The studio liked the idea and arranged a meeting at NBC. NBC responded to the “pitch”, and ordered a pilot script. I wrote the script, and then a second draft based on the network’s notes. During the writing period, an idea for the show’s theme song came to me, a signal that my unconscious was actively in the game.

In the song, I imagined an alternating “back-and-forth” between a male black, blues singer with a low, buttery-smooth voice and a “yakkety-sax” type saxophone. It went something like this. (If you have an instrument handy, the lyrics section of the melody is an ascending E-G-A-C):

LOW BUTTERY SMOOTH VOICE: COM-PA-NY MAN

YAKKETY SAX: BEE-DAH-BAH-DAH BEE-DAH-BAH-DAH

LOW BUTTERY SMOOTH VOICE: COM-PA-NY MAN

YAKKETY SAX: BEE-DAH-BAH-DAH BEE-DAH-BAH-DAH

LOW BUTTERY SMOOTH VOICE: COM-PA-NY MAN

YAKKETY SAX: BEE-DAH-BAH-DAH BEE-DAH-BAH-DAH

(Different melody)

BEE-DAH-BAH-DAH BEE-DAH-BAH-DAH

BEE-DAH-BAH-DAH BEE-DAH-BAH-DAH

LOW BUTTERY SMOOTH VOICE: COM-PA-NY MAAAAAN……yeah.

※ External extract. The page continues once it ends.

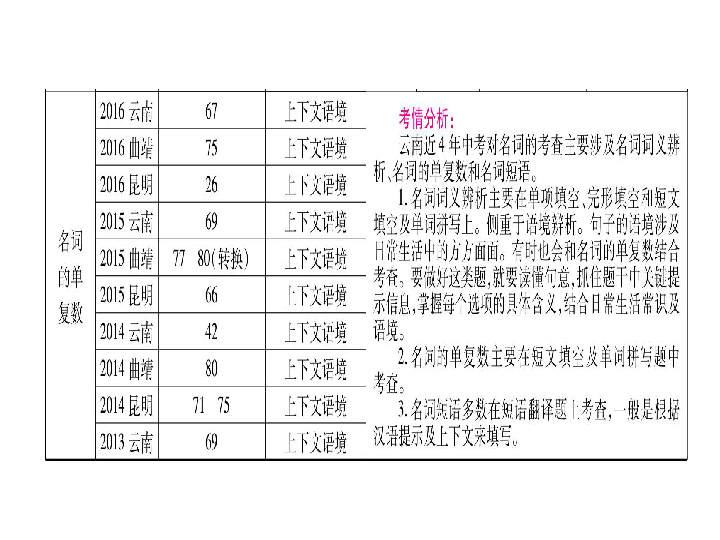 人口英文名词_英文名词思维导图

As luck would have it, NBC cut the project off after the second draft. A pilot episode was never produced.

I knew the project was in trouble the minute I sat down for my “script notes” session with the NBC executive. The first thing he said, was,

“Did you enjoy writing it?”

Any writer who’s been through this experience I am certain will agree. You hear that question, and your show is unquestionably is dead. The only reason for bringing it up is to make the executive feel better about shooting the project down. “Sure, we destroyed his hopes and dreams. But at least he enjoyed writing it.”

I came up with a couple of other series ideas under my Paramount deal, including one that, in many ways, was the most original, half-hour script I have ever written.

But that’s for another reading.

I leave you today, hopefully humming…

COM-PA-NY MAN

…yeah.

2 comments:

Brian Scully said...

Great, now I'm going to have that tune stuck in my head all weekend... or until I hear the TV theme from "It's About Time"

emily said...

Okay, Earl. We’ll listen to you about everything.